The framework also generalises beyond CMV to other personalization datasets with different characteristics (§4.3, paper Tables 4–5 — Llama-3.1-8B-Instruct as the predictor):

Dataset Task Metric Base profiler Ours
PRISM preference (binary) F1 0.5051 0.5879
OpinionQA survey stance (MCQ) Acc 0.4014 0.5306

Full numbers in docs/reproducing_results.md.


Table of contents


Installation

Requires Python ≥ 3.10.

git clone https://github.com/holi-lab/ReCAP.git
cd ReCAP

pip install -e .                 # core library + CLIs
pip install -e ".[vllm]"         # optional: local vLLM backend for training / inference

cp .env.example .env             # fill in OPENROUTER_API_KEY (+ HF_TOKEN for gated models)
set -a && source .env && set +a  # or use direnv / a dotenv loader of choice

Quickstart

End-to-end view-change prediction on 10 CMV test posts with Llama-3.1-8B as the predictor, via OpenRouter (no GPU required):

# 1. Fetch CMV test split from HuggingFace.
python scripts/prepare_cmv.py --output-dir data/cmv --report-stats

# 2. Run the full pipeline (QG → retrieve → profile → predict).
python scripts/run_pipeline.py \
    --config configs/inference/pipeline_llama8b.yaml \
    --dataset cmv --split test --limit 10 \
    --output outputs/cmv_test_llama8b.jsonl

# 3. Aggregate F1 / AUC (Table 2).
python scripts/eval_end_to_end.py --predictions outputs/cmv_test_llama8b.jsonl

Swap configs/inference/pipeline_llama8b.yaml for pipeline_llama70b.yaml or pipeline_gpt4o_mini.yaml to switch predictors.

Reproducing the paper

The table below maps every main-body paper artifact to the exact command.

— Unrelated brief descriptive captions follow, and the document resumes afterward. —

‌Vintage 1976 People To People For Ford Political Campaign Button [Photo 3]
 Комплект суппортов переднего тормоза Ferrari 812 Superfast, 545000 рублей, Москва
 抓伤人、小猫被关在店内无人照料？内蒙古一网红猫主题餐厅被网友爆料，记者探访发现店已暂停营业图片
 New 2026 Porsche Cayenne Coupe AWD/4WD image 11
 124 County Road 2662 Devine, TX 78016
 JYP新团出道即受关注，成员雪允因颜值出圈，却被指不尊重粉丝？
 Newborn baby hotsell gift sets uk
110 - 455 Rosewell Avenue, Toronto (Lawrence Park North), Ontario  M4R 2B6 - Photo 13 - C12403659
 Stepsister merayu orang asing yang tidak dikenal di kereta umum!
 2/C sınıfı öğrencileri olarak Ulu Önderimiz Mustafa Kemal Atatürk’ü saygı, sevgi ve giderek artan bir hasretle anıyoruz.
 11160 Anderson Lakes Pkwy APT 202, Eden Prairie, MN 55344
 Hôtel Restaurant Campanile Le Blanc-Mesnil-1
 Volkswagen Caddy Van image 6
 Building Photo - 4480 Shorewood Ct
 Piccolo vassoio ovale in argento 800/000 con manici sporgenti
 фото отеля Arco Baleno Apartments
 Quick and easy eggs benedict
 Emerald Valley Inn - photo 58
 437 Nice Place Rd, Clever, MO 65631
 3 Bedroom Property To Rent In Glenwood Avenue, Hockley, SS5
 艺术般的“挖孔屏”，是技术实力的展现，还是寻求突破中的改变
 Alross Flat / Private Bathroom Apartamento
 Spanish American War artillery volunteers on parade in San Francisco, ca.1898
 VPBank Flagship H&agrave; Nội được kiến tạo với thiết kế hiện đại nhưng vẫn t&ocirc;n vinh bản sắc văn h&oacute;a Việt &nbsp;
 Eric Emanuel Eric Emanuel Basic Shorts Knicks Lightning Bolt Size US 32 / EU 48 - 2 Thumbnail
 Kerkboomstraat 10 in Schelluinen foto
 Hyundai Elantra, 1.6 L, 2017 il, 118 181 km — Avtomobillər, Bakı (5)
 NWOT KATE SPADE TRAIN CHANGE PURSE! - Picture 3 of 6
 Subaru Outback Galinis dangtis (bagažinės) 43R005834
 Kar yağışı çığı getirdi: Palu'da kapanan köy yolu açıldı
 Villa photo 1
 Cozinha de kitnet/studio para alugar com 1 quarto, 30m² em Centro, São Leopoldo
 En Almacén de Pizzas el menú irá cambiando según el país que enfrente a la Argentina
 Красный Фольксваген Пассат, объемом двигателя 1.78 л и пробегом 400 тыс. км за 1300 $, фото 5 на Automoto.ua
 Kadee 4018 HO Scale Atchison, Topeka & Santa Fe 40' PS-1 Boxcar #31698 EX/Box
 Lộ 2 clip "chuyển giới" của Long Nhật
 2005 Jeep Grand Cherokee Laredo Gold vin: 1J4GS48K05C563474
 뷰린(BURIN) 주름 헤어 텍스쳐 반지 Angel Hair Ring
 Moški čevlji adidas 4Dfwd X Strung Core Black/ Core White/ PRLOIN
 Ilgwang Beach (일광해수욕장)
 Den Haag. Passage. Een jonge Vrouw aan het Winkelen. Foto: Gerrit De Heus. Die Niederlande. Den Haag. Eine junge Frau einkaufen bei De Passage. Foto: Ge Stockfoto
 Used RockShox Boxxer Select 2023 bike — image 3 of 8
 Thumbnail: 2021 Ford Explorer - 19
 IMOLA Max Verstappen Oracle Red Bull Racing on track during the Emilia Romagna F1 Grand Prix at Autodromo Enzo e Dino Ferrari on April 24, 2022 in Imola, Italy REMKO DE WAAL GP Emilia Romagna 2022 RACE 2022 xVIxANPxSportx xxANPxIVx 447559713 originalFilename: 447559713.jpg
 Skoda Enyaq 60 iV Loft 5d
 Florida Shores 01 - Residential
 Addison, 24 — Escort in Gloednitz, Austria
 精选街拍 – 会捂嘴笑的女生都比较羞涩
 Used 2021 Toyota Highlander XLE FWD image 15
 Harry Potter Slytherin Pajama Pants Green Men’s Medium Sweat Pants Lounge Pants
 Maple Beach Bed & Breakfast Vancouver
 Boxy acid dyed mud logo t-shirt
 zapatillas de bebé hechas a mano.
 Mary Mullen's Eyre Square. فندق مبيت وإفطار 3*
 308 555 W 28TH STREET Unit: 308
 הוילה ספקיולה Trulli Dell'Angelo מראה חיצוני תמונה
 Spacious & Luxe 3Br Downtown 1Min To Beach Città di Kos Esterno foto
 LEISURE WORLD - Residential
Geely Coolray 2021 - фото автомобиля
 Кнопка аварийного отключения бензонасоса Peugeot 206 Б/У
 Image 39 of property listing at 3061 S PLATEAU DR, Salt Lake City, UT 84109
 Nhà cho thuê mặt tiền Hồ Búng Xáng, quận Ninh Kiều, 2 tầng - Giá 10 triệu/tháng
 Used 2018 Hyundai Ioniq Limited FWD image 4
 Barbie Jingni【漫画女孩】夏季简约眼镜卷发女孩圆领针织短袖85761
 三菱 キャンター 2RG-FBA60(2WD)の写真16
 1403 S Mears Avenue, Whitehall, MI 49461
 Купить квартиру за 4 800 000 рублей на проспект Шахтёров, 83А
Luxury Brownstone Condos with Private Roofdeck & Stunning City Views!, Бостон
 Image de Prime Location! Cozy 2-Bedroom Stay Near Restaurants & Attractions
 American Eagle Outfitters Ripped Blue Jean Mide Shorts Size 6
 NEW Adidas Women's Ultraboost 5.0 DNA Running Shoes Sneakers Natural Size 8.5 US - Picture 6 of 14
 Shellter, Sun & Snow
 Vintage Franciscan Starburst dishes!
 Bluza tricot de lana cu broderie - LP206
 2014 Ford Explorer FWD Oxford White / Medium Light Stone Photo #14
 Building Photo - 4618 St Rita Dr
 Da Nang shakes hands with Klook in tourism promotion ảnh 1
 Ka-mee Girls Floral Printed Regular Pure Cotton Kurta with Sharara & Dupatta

Full walk-through in docs/reproducing_results.md.

Paper artifact Command
Table 1 — retrieval NCG@5 / NDCG@5 scripts/eval_retrieval.py
Table 2 — end-to-end F1 / AUC (3 predictors) scripts/run_pipeline.pyscripts/eval_end_to_end.py
Table 3 — retriever × profiler × predictor grid scripts/eval_grid.py --grid configs/inference/grid_table3.yaml
Table 4 — PRISM (F1) scripts/run_pipeline.py --config configs/inference/pipeline_llama8b_prism.yaml --dataset prism
Table 4 — OpinionQA (Acc.) scripts/run_pipeline.py --config configs/inference/pipeline_llama8b_opinionqa.yaml --dataset opinionqa
Table 5 — retrieval comparison on PRISM / OpinionQA scripts/eval_retrieval.py --input data/{prism,opinionqa}/val_qg_candidates.jsonl
Table 8 — dataset statistics scripts/prepare_cmv.py --report-stats
Tables 9, 10, 11 — hyperparameters argparse defaults in recap/training/profiler_dpo.py, query_generator_dpo.py; CLI flags in build_query_preferences.py

Training from scratch

Full recipe for porting ReCAP to a new predictor (e.g. a newer Llama release or a proprietary model). All 7 steps are scripted, and the training-time configs live in configs/train/.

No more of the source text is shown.